Advantage Marketing Information
35 Steamboat Avenue - Historic Wickford, RI, USA 02852
(401) 294-6910 | Fax (401) 294-6661
Affiliated Offices: Pasadena, Calif., USA and Niigata City, Japan 



Marketing Your Restaurant - June 2007

By Rick Nagele
President, Advantage Marketing Information

Ok, so it’s competitive out there. But you can still grow your restaurant.

Rule #1: don’t do what your competitors do and expect a huge return.

Consumer attention is precious today. It’s been estimated that people in the United States have 17 minutes of free attention time per day; that’s it! In addition, most potential customers already have restaurants they like.

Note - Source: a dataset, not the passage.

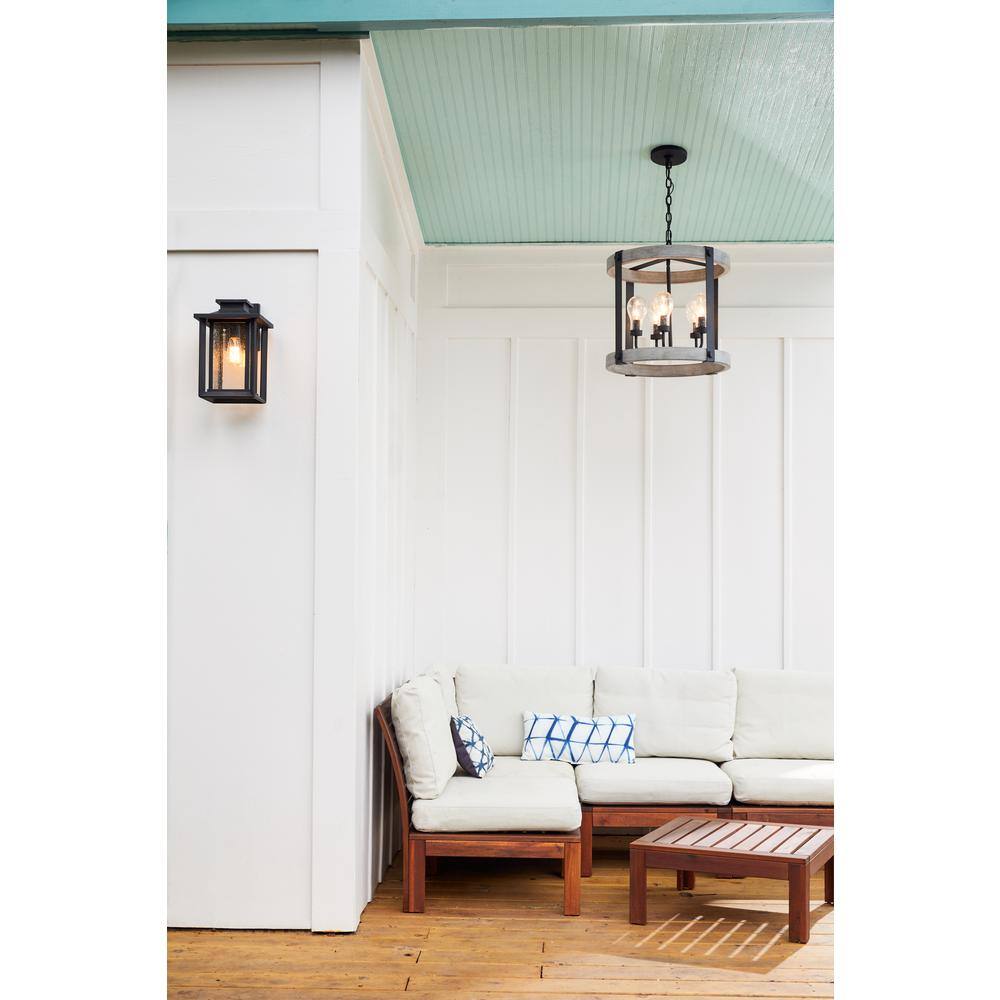 Wakefield Black Iron Outdoor Wall Lantern with Clear Seedy Glass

They don’t need you!

What do you do?

The start of a good marketing program, to quote the book “The Purple Cow,” is to be Remarkable. There should be something about your restaurant that makes it worth making a remark about and provides a reason for people to come. It’s better if some people love your restaurant and others hate it than to have everybody think it’s ‘nice.’ Nice is not remarkable. Nice is invisible. Invisible is death.

To successfully market your restaurant, start by focusing:

  • * on one idea

  • * on one well defined group of customers

  • * with a minimum number of key supporting tactics (so it actually gets done)

  • * on realizable objectives

Don’t try to do everything or reach everybody. It doesn’t work. To grow your business, you can:

  • Attract new customers.

  • Have existing customers come more often.

  • Have existing customers spend more on each visit.

A good plan considers all three – but focuses on existing customers. These people already like you. By becoming even more remarkable, they’ll use you more and tell their friends (especially if you ask them to). Attracting new customers using traditional advertising methods is by far the most expensive (and probably least effective). It is also what most of your competitors do.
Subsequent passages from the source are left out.